As all that is solid melts to air and everything holy is profaned...

Thursday, October 13, 2016

Still Immaculate in Our Authenticity



Book cover plus original Let the Tribe Increase art work (1982)

I guess it was fun while it lasted. I started this blog 1 March 2005 recycling the intro I wrote for Encyclopaedia of Ecstasy Volume one in June 1983 which was a memory of the long hot summer of 1976 ‘In the beginning there was punk’ … but even that pushed the ‘beginning’ back to the pre-punk counterculture of Hawkwind and the Pink Fairies.

“It was the summer of 76, the summer the earth stood still and burnt…”
http://greengalloway.blogspot.co.uk/2005/03/in-beginning-there-was-punk.html

Next up 26 March was a post about a local campaign against a Tesco
supermarket. The supermarket opened in 2006, but the campaign did manage to limit its potential to damage the local economy by making sure it did not have a petrol station attached to it.

Then on 31 March came ‘Subway surfing anarcho-goths’
http://greengalloway.blogspot.co.uk/2005/03/subway-surfing-anarcho-goths.html

In April I posted my 1983 ‘Diary of an anarcho-goth-punk-fiend’
http://greengalloway.blogspot.co.uk/2005/04/diary-of-anarcho-goth-punk-fiend.html

As the titles and the texts show I was already trying to subvert and confuse   linear/ exclusive narratives which distinguished between the origins of the goth subculture and accounts of the anarcho-punk sub-subculture. The Barracudas surf-punk gets an honourable mention in the 31 March post. The Diary post includes references to Richard Cabut’s 17 February 1983 front page ‘Positive Punk’ NME article which has since become part of the ‘history of goth’. There is even a mention of Andy Palmer of Crass, 18 June, who came round to visit the Black Sheep Housing Co-op house I was living in with his then partner Lu Vucovik who was living in one of other Co-op houses. In 1984 Andy became a full time Black Sheep.


So what has changed now to bring the fun to an end?


Nothing really, except that this morning I got a book ‘The Aesthetic of Our Anger’ edited by Mike Dimes and Matthew Worley and subtitled ‘Anarcho-Punk, Politics and Music’. I already have a PDF of the book, but I want to write a review of it and at 315 pages it is a pain in the arse to do that from a PDF.

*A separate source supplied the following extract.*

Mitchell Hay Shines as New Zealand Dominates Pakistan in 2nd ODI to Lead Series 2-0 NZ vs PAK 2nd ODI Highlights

The difference between my blog posts  and the book is the difference between the raw and the cooked. https://en.wikipedia.org/wiki/The_Raw_and_the_Cooked
The English translation of the title Le Cru et le Cuit is not incorrect, but it is perhaps incomplete. "Cuit" in French does not necessarily mean "cooked", but is also used to denote "done" or "prepared", which is not necessarily obtained by cooking. In this case, Strauss' use of cuit implies what culture and society do to the raw and make it 'done' or 'cooked'.
‘Culture and society’ in this context are represented by formal, academic studies and analyses of  the raw material- records, performances, fanzines, flyers, art works, autobiographies, interviews, personal accounts and direct actions (like Stop the City) of ‘anarcho-punk’. The book then becomes the meal, ready and prepared to be eaten by the reader.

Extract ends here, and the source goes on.